:: Provided entries ::
◆ ◆ ◆
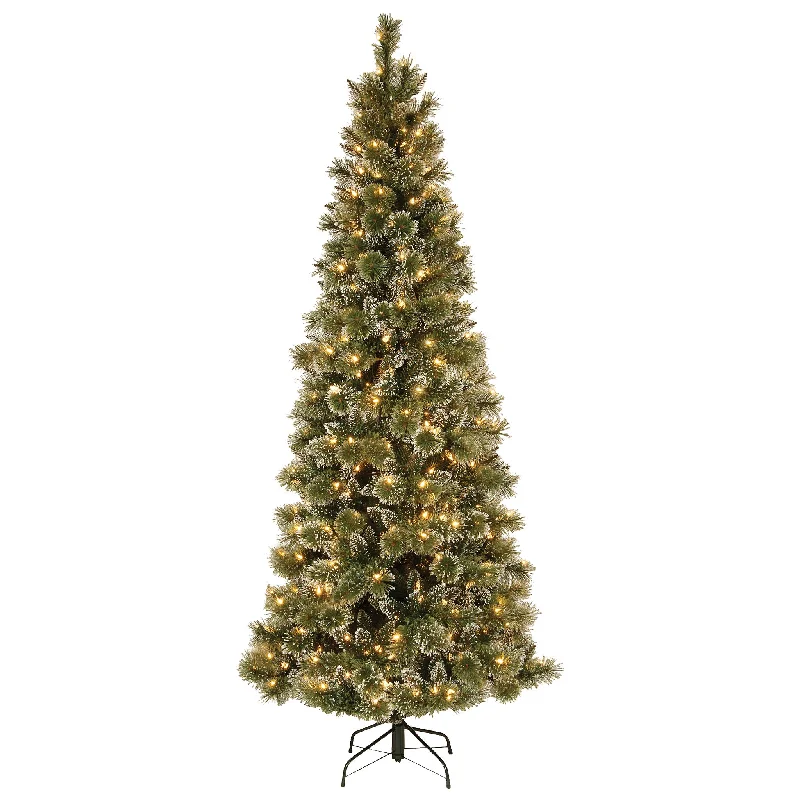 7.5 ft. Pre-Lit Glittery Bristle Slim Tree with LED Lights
◆ ◆ ◆
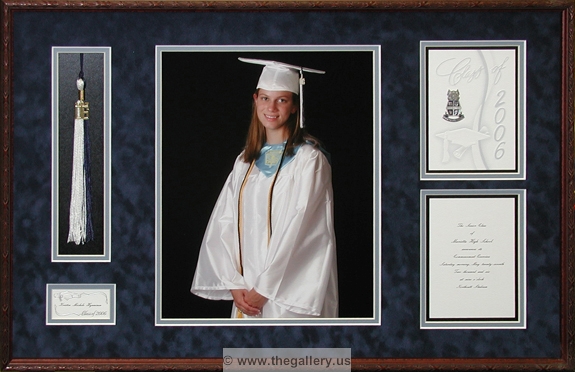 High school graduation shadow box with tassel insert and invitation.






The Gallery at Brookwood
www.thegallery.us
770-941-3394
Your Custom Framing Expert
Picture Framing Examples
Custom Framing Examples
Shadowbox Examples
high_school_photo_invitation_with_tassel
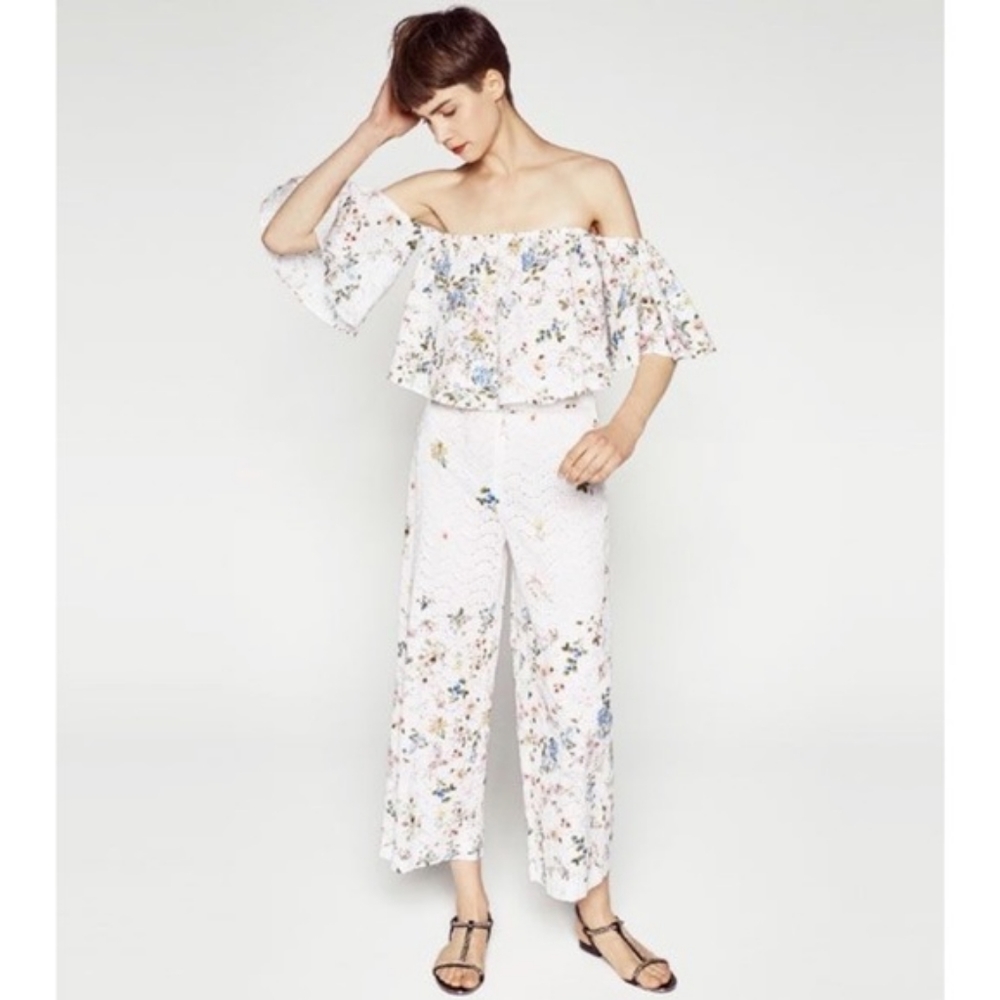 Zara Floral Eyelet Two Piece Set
◆ ◆ ◆
:: Task brief ::
Starting at the line above that contains "770-941-3394", transcribe every line exactly through the line that contains "Zara Floral Eyelet Two Piece Set", including that last one, and skip the pictures.

:: Reply to the exercise ::
770-941-3394
Your Custom Framing Expert
Picture Framing Examples
Custom Framing Examples
Shadowbox Examples
high_school_photo_invitation_with_tassel
 Zara Floral Eyelet Two Piece Set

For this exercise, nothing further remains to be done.